#lsea2023

GROUND
study

Annarita Armaroli

Lo studio clinico di real world, osservazionale, retrospettivo e trasversale su pazienti con malattia di Fabry in Italia “GROUND”, realizzato da Chiesi, ha come obiettivo quello di fotografare l’impatto della malattia di Fabry sui pazienti nella vita reale. Abbiamo approfondito l’argomento con Annarita Armaroli, Medical Advisor Rare Diseases Chiesi Italia ed Eleonora Ingrassia, Clinical Operation Manager Chiesi Italia

Come è nata l’idea di realizzare questo progetto e a chi si rivolge?
Lo studio “GROUND” nasce dall’incontro di due temi molto cari a Chiesi: l’impegno nelle malattie rare e l’attenzione verso la sostenibilità e la digitalizzazione. Da un punto di vista scientifico volevamo realizzare uno studio che fornisse alla comunità scientifica un quadro attuale dei pazienti con malattia di Fabry in Italia. A questo abbiamo deciso di affiancare il supporto della tecnologia e abbiamo previsto che le visite e la firma del consenso informato (solo per citare le procedure più rilevanti) si potessero svolgere anche da remoto. Inoltre, tutti i PROs previsti dallo studio erano compilabili dallo smartphone dei pazienti. Questo approccio ci ha consentito di reclutare anche pazienti geograficamente lontani dagli otto centri di eccellenza partecipanti allo studio oltre che di abbattere il consumo di carta.

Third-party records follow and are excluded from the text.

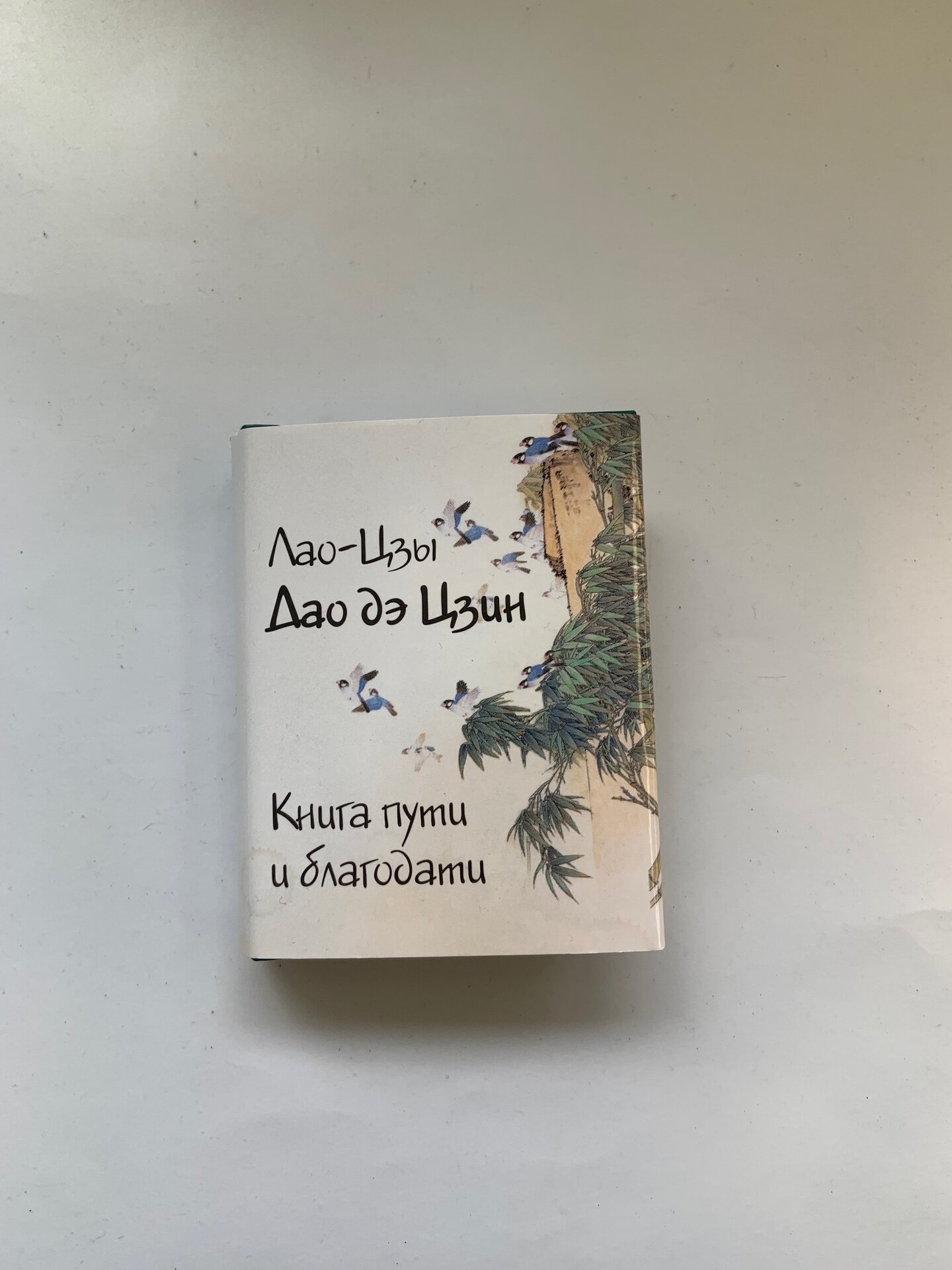 Книга пути и благодати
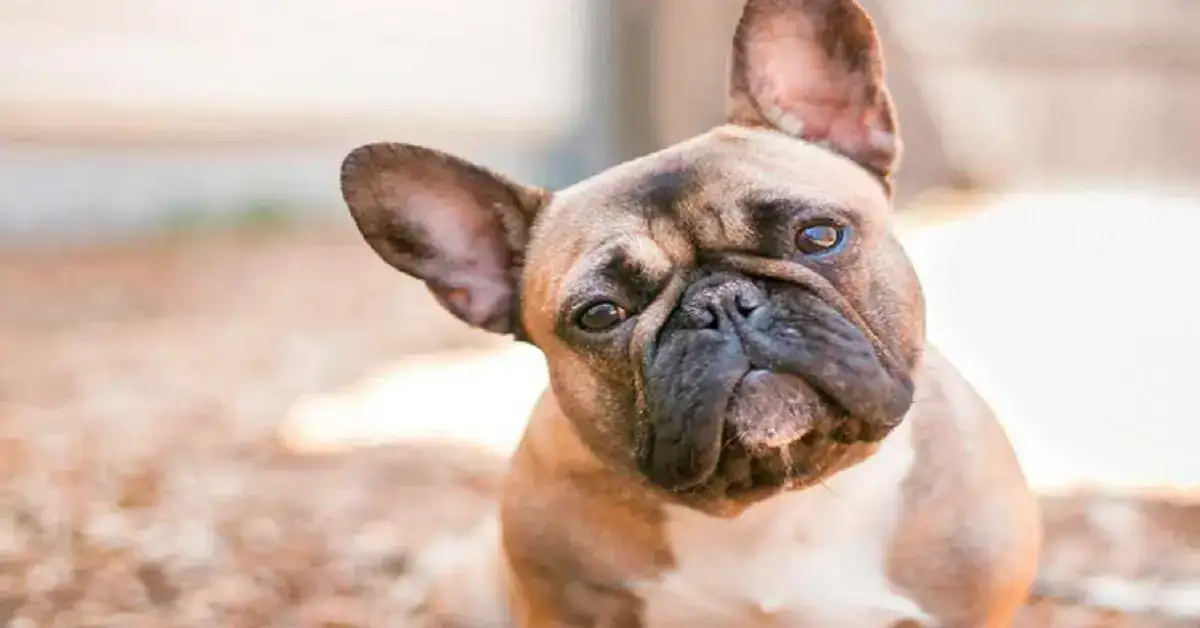 French Bulldog Urinary Incontinence: What Every Owner Should Know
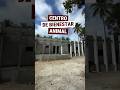 Manzanillo tendrá el primer Centro de Bienestar Animal del estado. 🐾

Potrebbe descriverlo brevemente?
“GROUND” è uno studio clinico Real world, osservazionale, retrospettivo e trasversale su pazienti con malattia di Fabry in Italia con l’obiettivo di valutare il carico globale della malattia. Con la fase retrospettiva abbiamo valutato il carico clinico con una particolare attenzione verso la progressione della malattia e gli eventi clinici che purtroppo la caratterizzano, andando indietro fino a oltre 10 anni dalla diagnosi. Con la fase trasversale invece volevamo raccogliere informazioni direttamente dai pazienti, sulla loro qualità di vita e del sonno, sul livello di disabilità e sul dolore percepito.

Che risultati avete o volete raggiungere?
Grazie allo studio GROUND”, e al suo approccio digitale, è stato possibile raccogliere dati in un setting Real World tutto italiano dando voce sia ai clinici che ai pazienti. L’obiettivo principale è stato quello di descrivere e dare una dimensione all’impatto che la malattia di Fabry su chi ne è affetto: dallo studio è emerso come ci sia ancora molto da fare per questa malattia, sia in termini di disease awareness e miglioramento del percorso diagnostico, che in termini di trattamento. Come azienda fortemente incentrata sul paziente, questo studio ci permetterà di capire dove e come poter intervenire con nuove proposte trattamento per coloro che si trovano ogni giorno a combattere con la malattia di Fabry.

Cosa pensa ci sia ancora da fare in questo ambito?
Le malattie rare sono patologie a bassa incidenza e prevalenza che spesso colpiscono in modo inatteso e con un impatto devastante sulla vita dei pazienti e delle loro famiglie. Di molte di esse si conosce relativamente poco e spesso non si dispone di informazioni calate nelle realtà locali di singoli paesi con le relative peculiarità. In questo scenario, la Real World Evidence (RWE) diventa uno strumento di cruciale importanza al fine di poter meglio definire la storia naturale di malattia ed evidenziare i bisogni insoddisfatti che possono variare anche in aree geografiche diverse. Nonostante l’affermarsi recente di una sempre maggiore attenzione su questo tema, resta tuttavia molta la strada da percorrere soprattutto in termini di valorizzazione del dato retrospettivo, durata dell’osservazione e qualità del dato raccolto.

Qual è l’aspetto principale della Scientific Collaboration che sarà più importante secondo lei nei prossimi anni?
Oltre la sostenibilità di cui si accennava all’inizio, altro aspetto caro a Chiesi è l’attenzione al customer, inteso sia come paziente che come professionista della salute. Se l’attenzione al paziente è insita nel disegno stesso e nell’obiettivo dello studio, dall’altra parte i medici sono stati coinvolti nel disegno stesso e nell’interpretazione dei risultati. Ed è questo, a mio avviso, l’aspetto che sarà più importante da coltivare nei prossimi anni: medici e aziende di settore fianco a fianco per una collaborazione scientifica di eccellenza che metta le reciproche competenze al servizio della creazione di soluzioni terapeutiche innovative per i pazienti.